Tasikmalaya City Government Prepares Partition Posts, Returns Desperate Homecomers
TASIKMALAYA - The City Government of Tasikmalaya, West Java, together with elements of the police have set up partition posts in a number of places to inspect vehicles of people arriving from outside the city. The officer will send the driver back to his hometown if caught homecoming.
"We have about 22 blockages that will be carried out by the police, preventing those who force their homecoming to Tasik, they will be sent home," said Tasikmalaya City Mayor Muhammad Yusuf after reviewing the implementation of vaccination in Tasikmalaya, as quoted by Antara, Tuesday, April 20.
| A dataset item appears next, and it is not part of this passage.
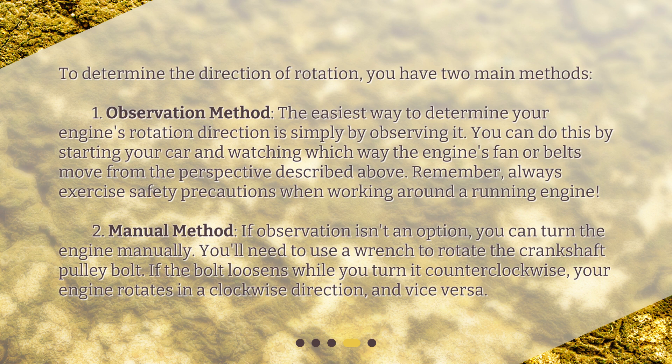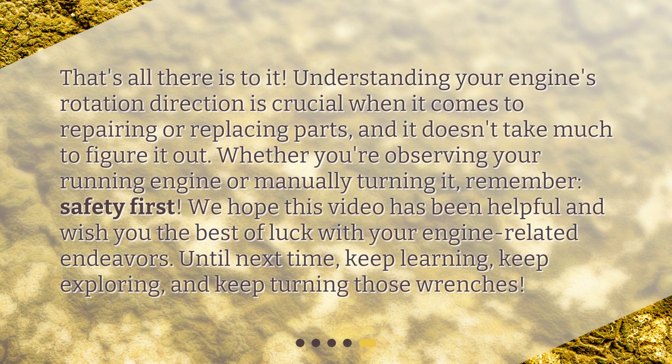Method two: the manual method. If observation isn't an option, you can turn the engine manually. You'll need to use a wrench to rotate the crankshaft pulley bolt. If the bolt loosens while you turn it counterclockwise, your engine rotates in a clockwise direction, and vice versa. Understanding your engine's rotation direction is crucial when it comes to repairing or replacing parts, and it doesn't take much to figure it out. Whether you're observing your running engine or manually turning it, remember: safety first.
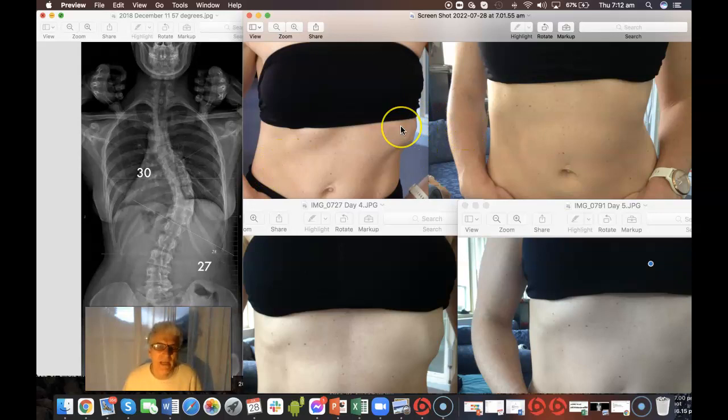You can see the ribs popping up. And when this person inhales, that's what it looks like. It's not pleasant. Nobody really likes to look at themselves in a mirror and see this level of asymmetry.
All officers at the isolation post will check the identities of all people arriving from out of town, then they will be asked for a certificate of the result of the swab test. Drivers are also asked the purpose of their arrival, if they are homecoming, they will be asked to return to their home area.
The examination, he continued, was not only at an isolation post that would enter Tasikmalaya City, but it would also be carried out in other areas, such as last year an inspection began in Cileunyi, Bandung Regency.
"Blockages have been carried out by the police, starting from Cileunyi to Tasik direction," he said.
The City Government of Tasikmalaya is ready to carry out instructions from the central government regarding security and insulation in imposing regulations on the prohibition of homecoming for the community during the Idul Fitri momentum.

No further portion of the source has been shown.